Landeshauptstadt Dresden - www.dresden.de https://www.dresden.de/de/leben/gesellschaft/migration/aktuelles/interkulturelle-tage/interviewserien/folge-4-2017.php 25.09.2019 14:37:20 Uhr 23.11.2024 22:15:04 Uhr |
Interview-Serie 2017
"Vielfalt gemeinsam gestalten! Wer steckt dahinter?"
Folge 4 - Drei Fragen an Tamine Maklouf Carvalho
Das Ende der Serie macht Frau Tamine Maklouf Carvalho. Sie hat zusammen mit anderen brasilianischen Eltern die Initiative „Deutsch-brasilianische Kinder aus Dresden" initiiert.
Warum ist es wichtig, bei den Interkulturellen Tagen mitzumachen?
Die Interkulturellen Tage und ähnliche Initiativen helfen uns Ausländern dabei, unsere Heimat erlebbar für andere zu machen. Wir vermissen unsere Heimat, unsere Sprache und unsere Kultur sehr. Indem wir es schaffen, unsere Heimat hier in Dresden lebendig zu halten, haben wir die nötige Ruhe, um uns neu erfinden zu können. Durch gemeinsame Aktionen schaffen wir es, uns einzuleben und eine zweite Heimat aufzubauen.
Beispielsweise fehlte uns brasilianische Live-Musik in Dresden – zum Hören und Tanzen. So kam es dazu, dass wir anfingen, verschiedene Musikevents und Veranstaltungen mit brasilianischer Musik zu organisieren wie z. B. Forró, Samba und Choro. Dadurch entstand die „Roda de Choro“, eine monatlich stattfindende Jam-Session, bei der alle, die ein Instrument spielen, mitmachen können. Wir freuen uns, in diesem Jahr ein Konzert zum Abschluss der Interkulturellen Tage zu geben. Gemäß dem Motto „Vielfalt gemeinsam gestalten.“ spielen wir das Konzert zusammen mit dem Orchester „Paradiesisch Musizieren“ von der Evangelischen Hochschule. Wir bringen brasilianische Musik mit orientalischen Klängen zusammen. Es lohnt sich vorzukommen!
Seit wann sind Sie Dresdnerin?
Ich bin seit 2009 Dresdnerin, obwohl ich das damals noch nicht wusste. Als ich noch kein Deutsch gesprochen habe, habe ich mich überhaupt nicht integriert gefühlt. Ich konnte nicht einmal die Anleitung auf der Perlgraupen-Verpackung verstehen. Noch dazu kannte ich Perlgraupen überhaupt nicht.
Ich war plötzlich nicht mehr in meiner Heimat und auch in keiner neuen angelangt.

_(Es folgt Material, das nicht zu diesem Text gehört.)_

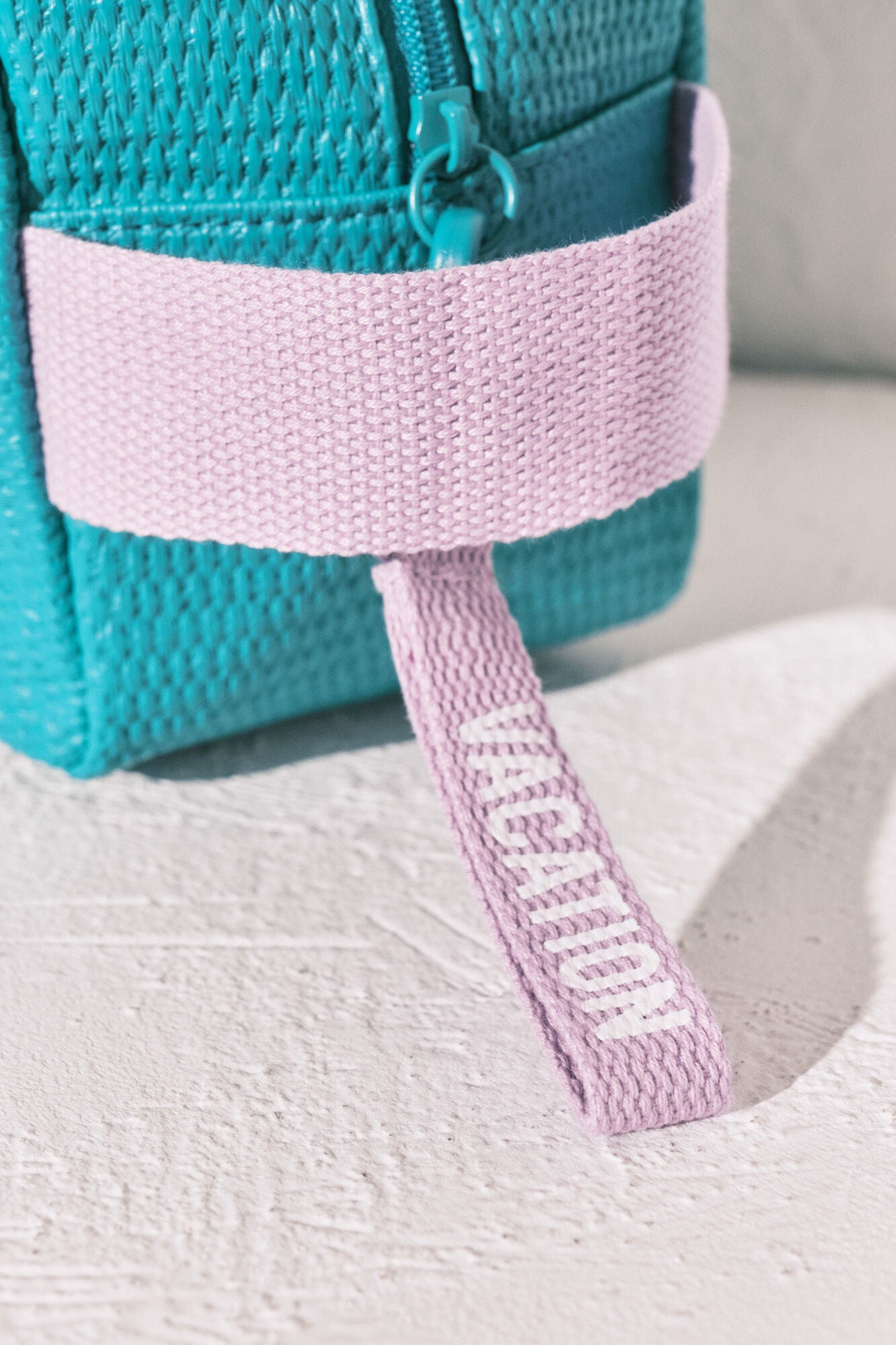 Raffia toiletry bag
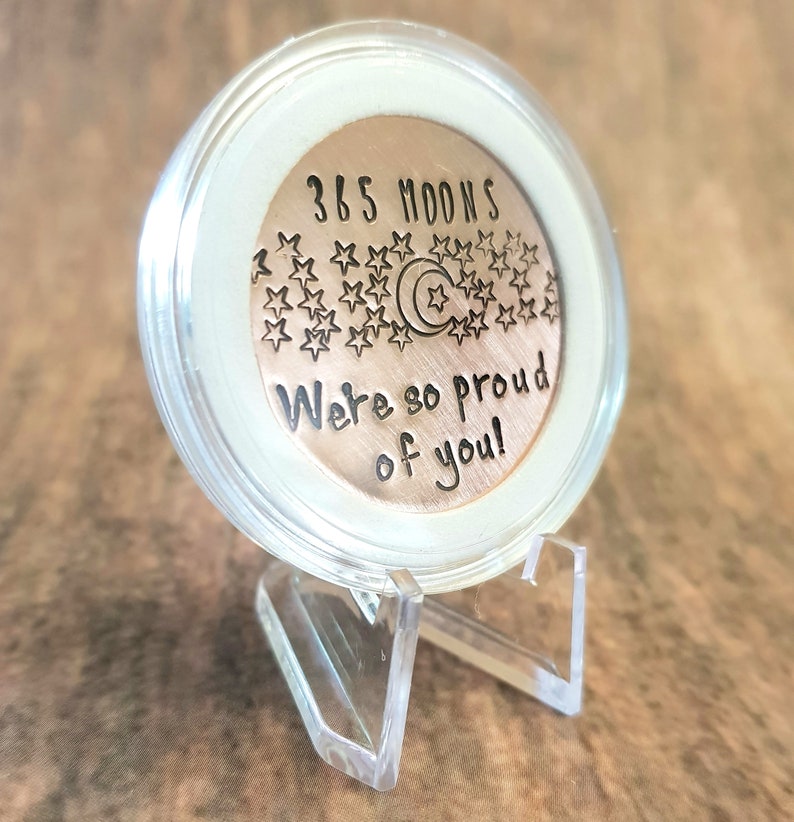 May include: A copper coin with the text "365 Moons We're so proud of you!" and a crescent moon and stars design. The coin is displayed in a clear plastic stand.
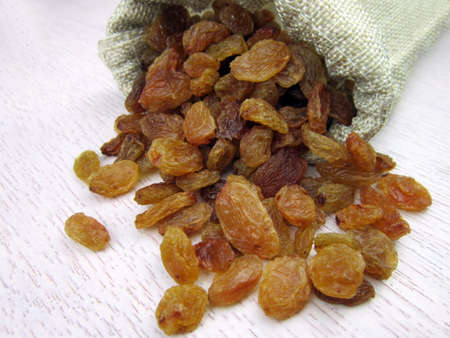 Raisins in burlap bag on wooden tableの写真素材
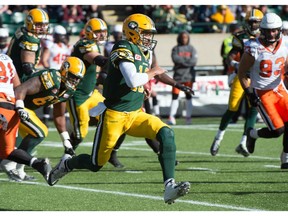 Quarterback Mike Reilly (13) runs as the Eskimos beat the BC Lions 29-23 in Edmonton, September 26, 2015.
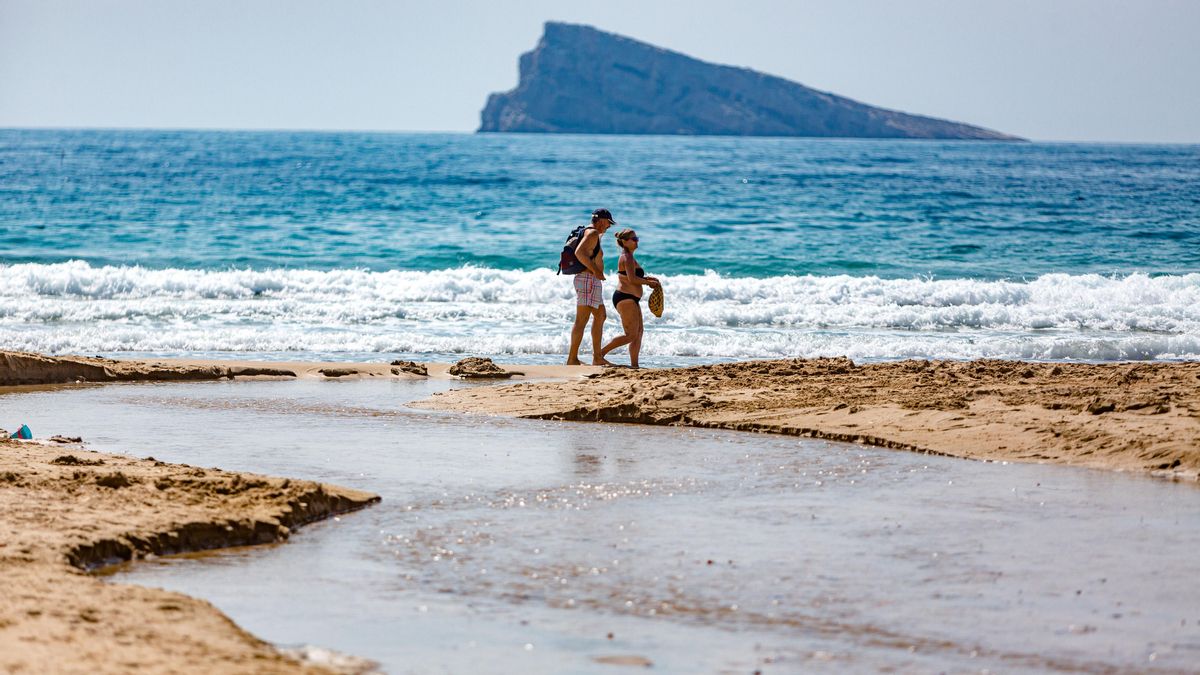 A couple strolls along Benidorm's Levante beach, still in spring weather A couple strolls along Benidorm's Levante beach, still in spring weather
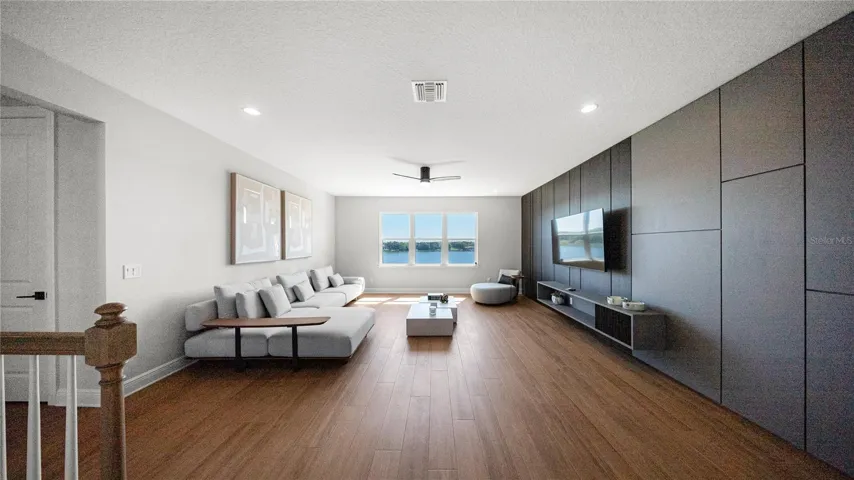 The upstairs lounge with the dark accent wall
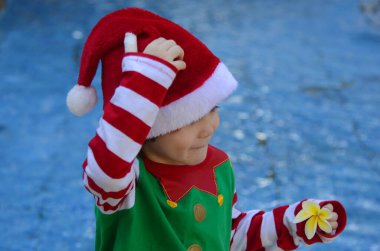 Havuzun ya da fıskiyenin arkasında Noel Baba şapkalı şirin bir çocuğun portresi. Kavram: Tropikal Noel, kış yolculuğu, kışın yaz.. 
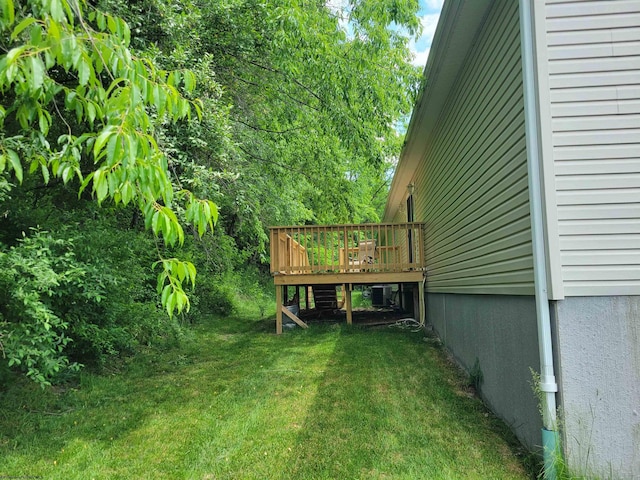 110 Woodmont Way, Fairmont, WV 26554 - view of green lawn featuring a wooden deck and central air condition unit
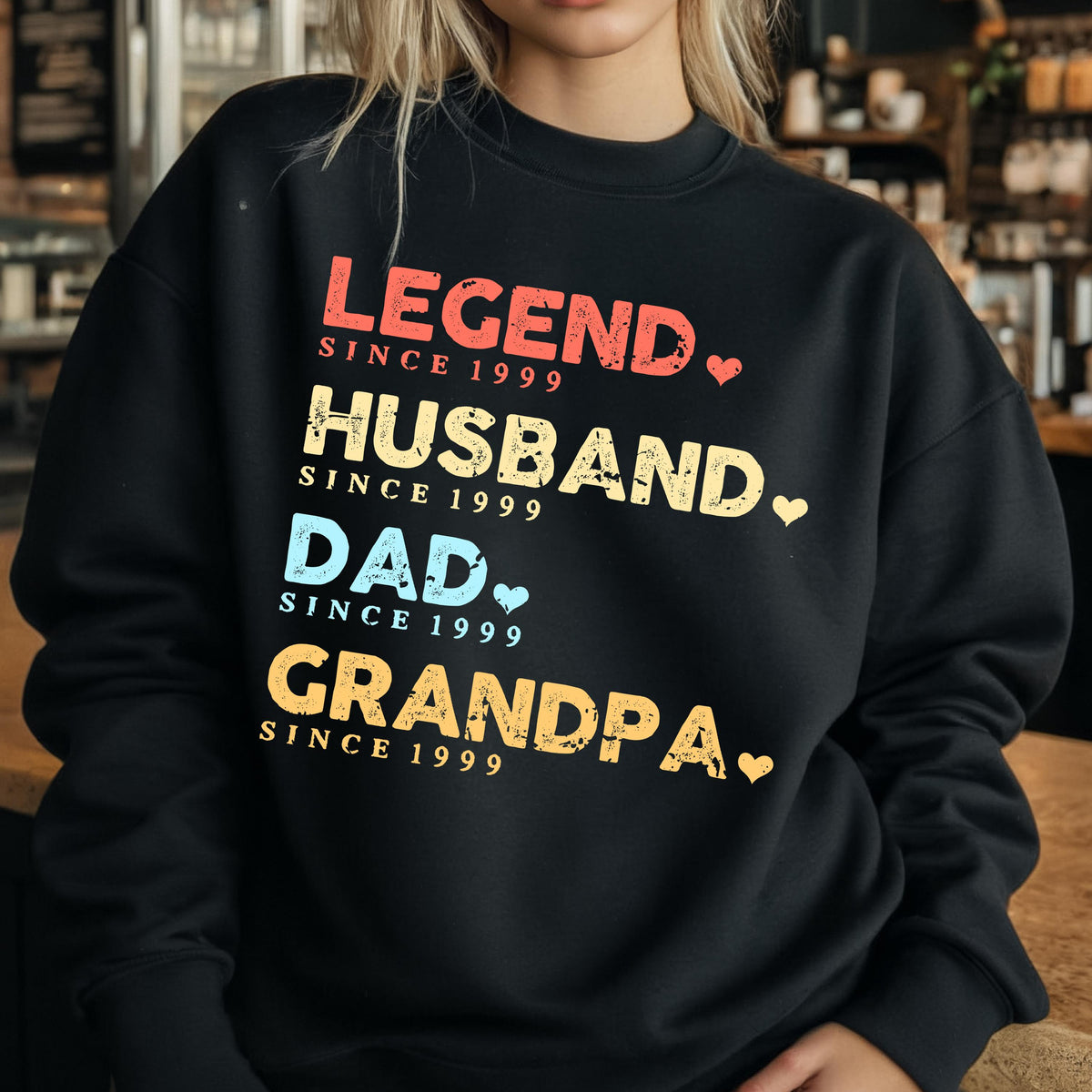 May include: Black sweatshirt with the words "LEGEND, HUSBAND, DAD, GRANDPA" in red, yellow, blue, and orange text. Each word is followed by "SINCE 1999" and a heart symbol. The sweatshirt is a crew neck style.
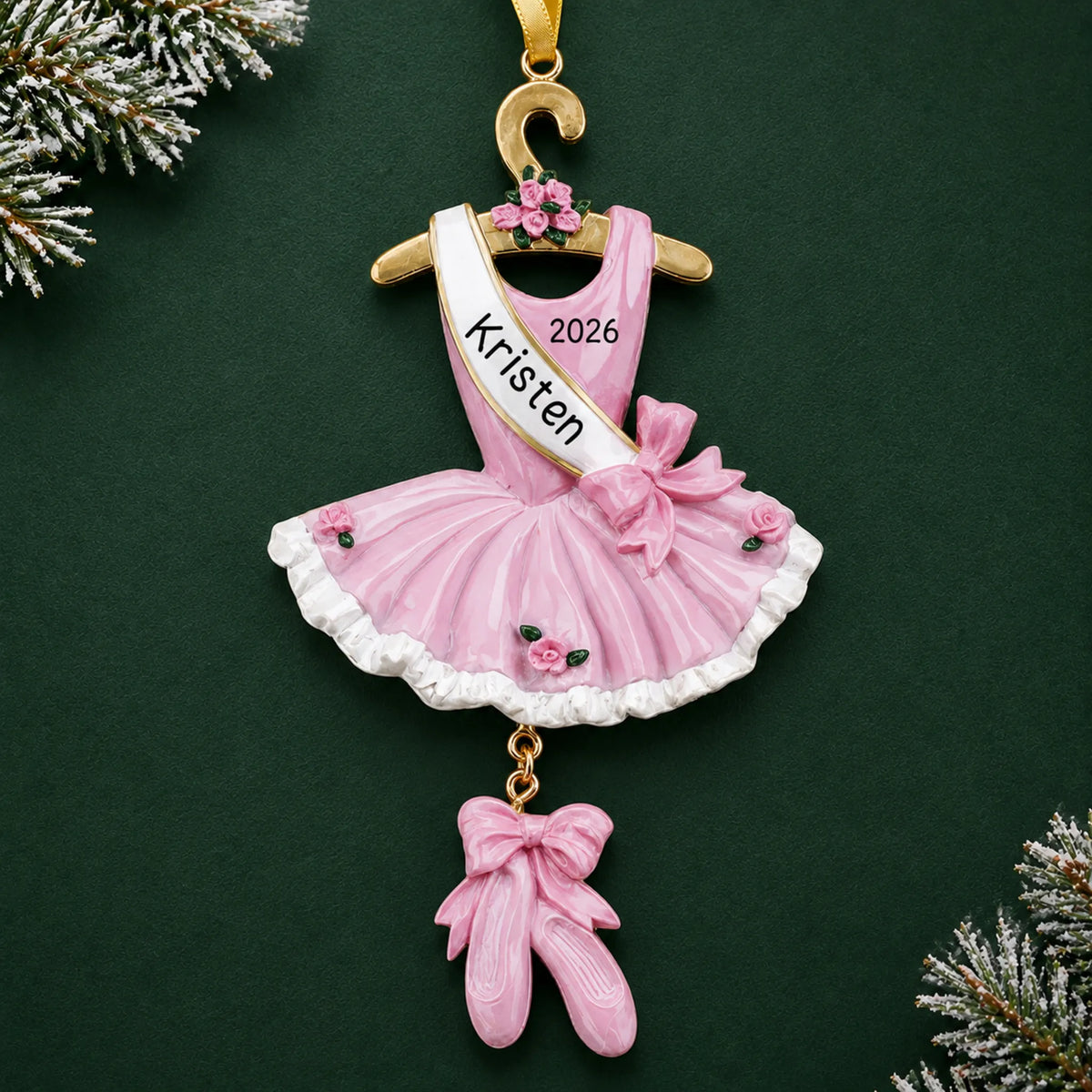 Personalized pink ballerina dress christmas ornament on a dark green pine background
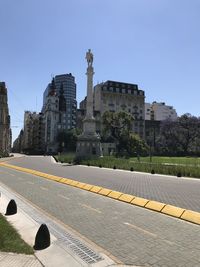 Statue in city against clear sky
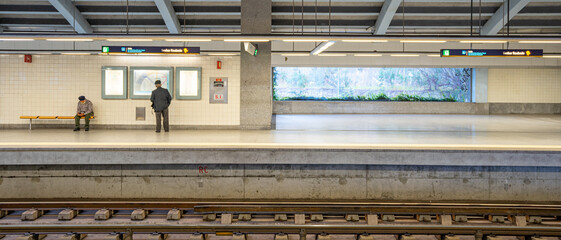 Passengers waiting on the covered platform of Sr.Roubado metro station, Lisbon Portugal.03-03-2024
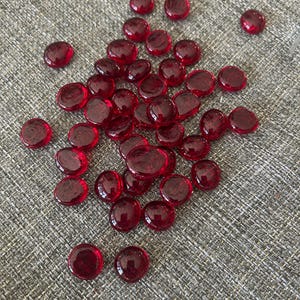May include: A collection of small, round, translucent red glass gems with a smooth, polished surface. These decorative pebbles are uniform in shape and feature a deep crimson hue that allows light to pass through, creating a vibrant appearance.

Als mein Sohn 2011 zur Welt kam, war mir plötzlich klar, dass ich ihm meine Heimat hier in Dresden zeigen und erlebbar machen muss. Ich musste meine Heimat nach Dresden holen: Damals habe ich andere brasilianische Eltern kennengelernt und wir haben zusammen die Initiative „Deutsch-brasilianische Kinder aus Dresden" gegründet. Wir treffen uns seit sechs Jahren monatlich und planen brasilianische Feste zusammen. Das sind z. B. Karneval, Junifest und die Weihnachtsfeier. Wir setzen uns außerdem für das Recht auf mehrsprachige Erziehung unserer Kinder ein.
Wie kann Vielfalt gemeinsam gestaltet werden?
Wir müssen unser Selbstbewusstsein stärken und uns gegenüber Fremdenfeindlichkeit durchsetzen. Wir sollten uns nicht verstecken. Wenn ich mich mit meinen Kindern in der Öffentlichkeit laut auf Portugiesisch unterhalte und sich jemand beschwert, dann versuche ich noch lauter zu reden statt mich zu schämen und zu verstummen. Ich finde es wichtig, sich nicht zu isolieren. Unsere Kinder müssen unsere Integration erleben und sehen, dass wir uns bemühen, uns in Dresden wohlzufühlen und ihnen und uns hier eine Heimat aufzubauen.
Ich bin die Urenkelin syrischer Migranten, die Anfang des 19. Jahrhunderts nach Nordbrasilien ausgewandert sind. Daher lautet mein Nachname auch Maklouf. In der ersten Hälfte des 20. Jahrhunderts sind viele Menschen aus Europa, Asien und dem mittleren Osten nach Brasilien gekommen. Brasilien besteht aus einer großen Mischung verschiedener kultureller Einflüsse. In Brasilien haben alle Menschen einen Migrationshintergrund.
Man gestaltet Vielfalt zusammen, indem man die Neuzugewanderten herzlich willkommen heißt. Ab diesem Punkt müssen die Herausforderungen gemeinsam angegangen und bekämpft werden. Die Zukunft gehört schließlich uns allen!